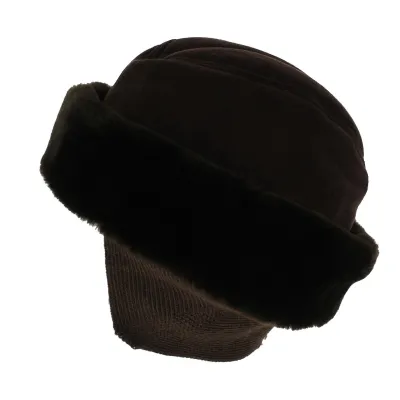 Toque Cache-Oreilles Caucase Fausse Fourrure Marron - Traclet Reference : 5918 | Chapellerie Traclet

--

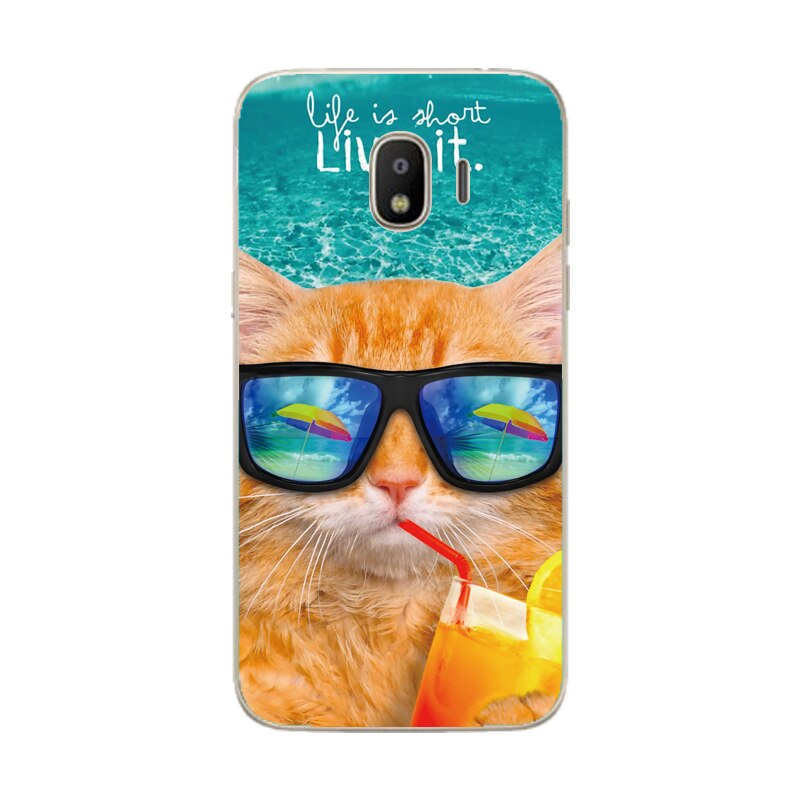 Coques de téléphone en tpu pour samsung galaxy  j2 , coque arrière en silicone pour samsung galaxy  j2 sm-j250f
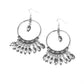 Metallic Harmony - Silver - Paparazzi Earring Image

[What to produce]
Reproduce, exactly and only, the lines of the records above starting at the line with "Coques de téléphone" and ending at the line with "Metallic Harmony - Silver", both included. Leave every picture out.

[Answer box]
 Coques de téléphone en tpu pour samsung galaxy  j2 , coque arrière en silicone pour samsung galaxy  j2 sm-j250f
 Metallic Harmony - Silver - Paparazzi Earring Image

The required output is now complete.